‘Wild Sky’ shows the Rising was not confined to Dublin

Deirdre Kinahan’s new play set in Co Meath was staged in Rossnaree House

Mary Murray, Caitriona Ennis and Ian Toner in ‘Wild Sky’ which was commissioned by Meath County Council. Photograph: Fergal Phillips
Mary Murray, Caitriona Ennis and Ian Toner in ‘Wild Sky’ which was commissioned by Meath County Council. Photograph: Fergal Phillips

A single line uttered by a character bewildered by the chaos of the 1916 Easter Rising conveys the turmoil, excitement and defiance depicted in a new play commissioned by Meath County Council arts office to mark this centenary year.
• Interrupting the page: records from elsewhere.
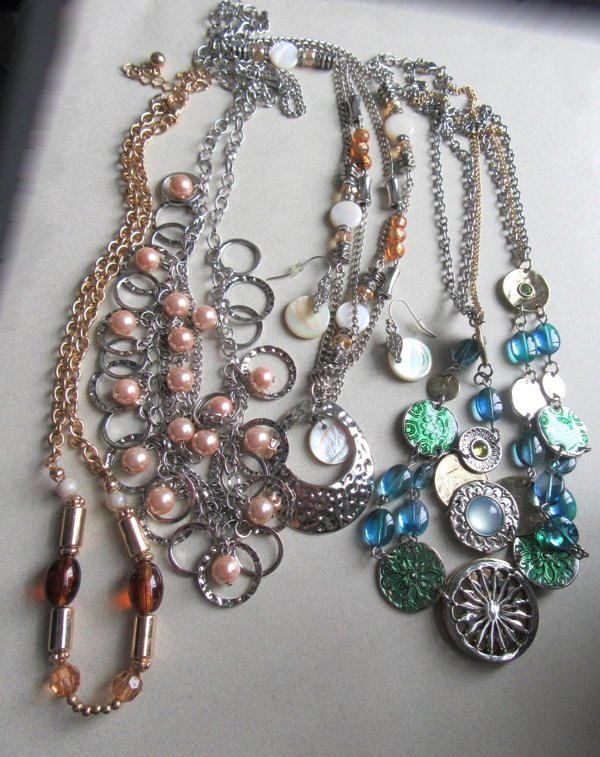 Necklaces Lot Faux Pearls Lucite Mother of Pearl Jewelry Lot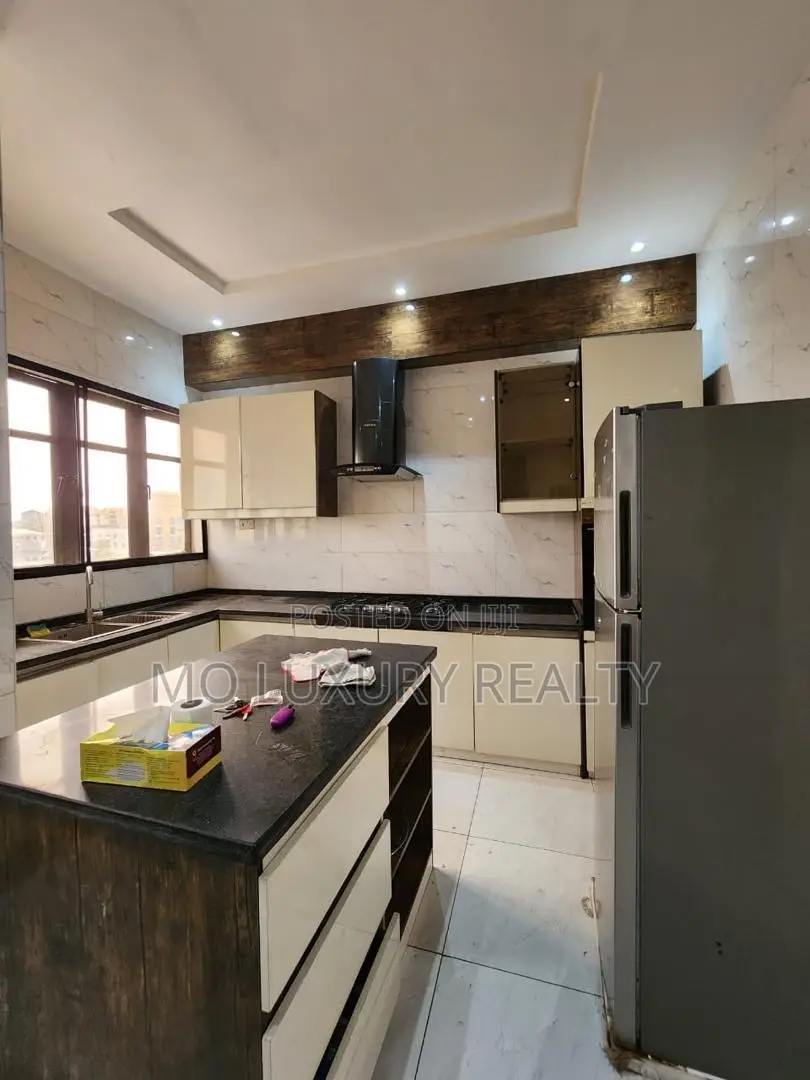 3bdrm Apartment in Lekki Phase 1 for rent in Lekki Phase 1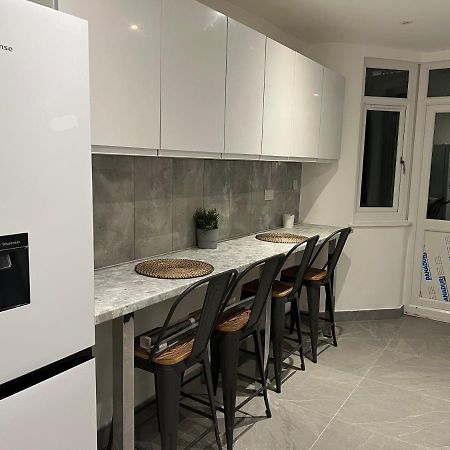 Beautiful Rooms Only Few Steps Away From Bruce Grove Tottenham Stadium Londýn Exteriér fotografie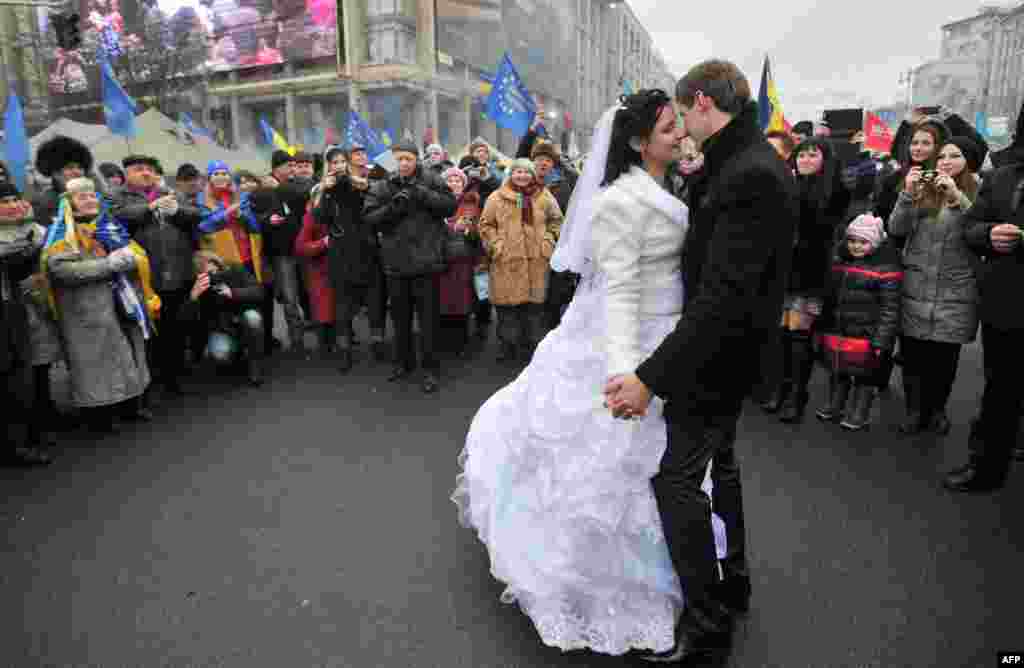 Молодята на #Євромайдан&rsquo;і, Київ 21 грудня 2031 року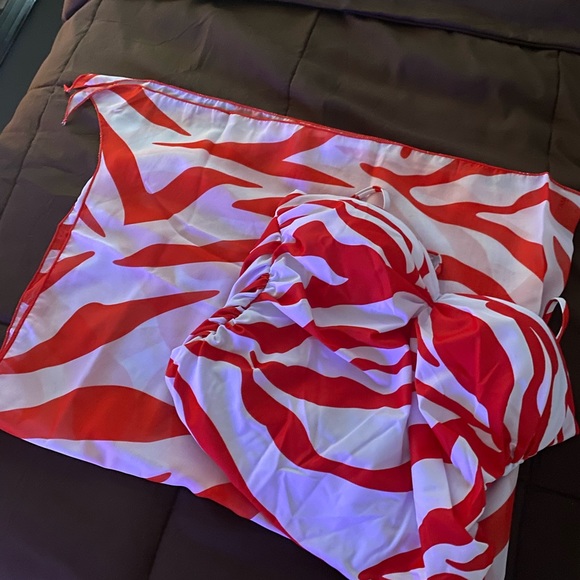 Matte Collection 2 Piece with Matching Sarong - Picture 7 of 9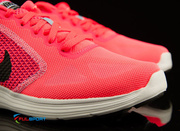 Róźowe buty sportowe damskie Nike Revolution 819303-602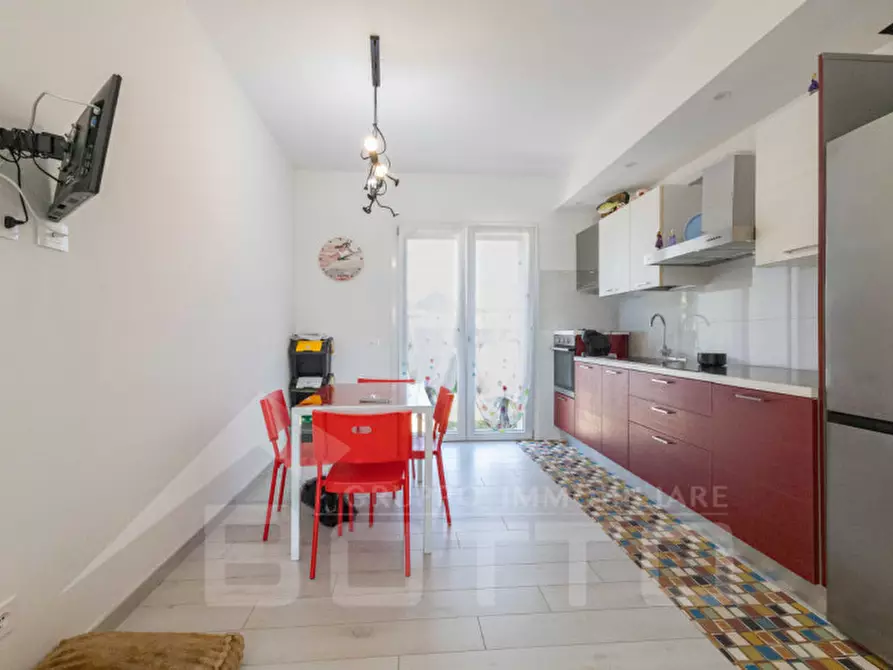 Immagine 8 di Casa bifamiliare in vendita  in Via Raffaello Sanzio 17 a Bellinzago Novarese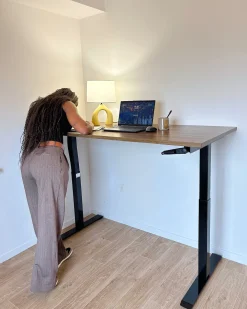 Manuelt justerbart hæve sænkebord DESTINES Brun/sort 160 cm 72 cm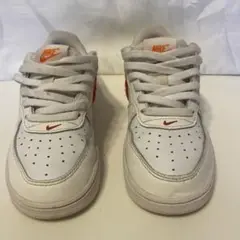Nike Force 1 スニーカー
A young Slane man, Tom Farrell, becomes involved in the fighting in the GPO in Dublin, not out of nationalistic idealism but to impress a girl. “I’ve sleep-walked into history,” he says on finding refuge in a nearby tenement room where a woman has been killed in full view of her young son.

Deirdre Kinahan's intense, collage-type vortex Wild Sky, which takes its title from Slane poet Francis Ledwidge's haunting Lament for Thomas MacDonagh, looks to the emerging radicalisation of a generation and how it coalesced in a rebellion that, although initially viewed as a symbolic failure, would culminate in the War of Independence.

The premiere of Wild Sky was staged on Friday in the library of Rossnaree House in Slane, not far from the birthplace of Ledwidge who, having survived action in Gallipoli and Serbia, died at Ypres in 1917.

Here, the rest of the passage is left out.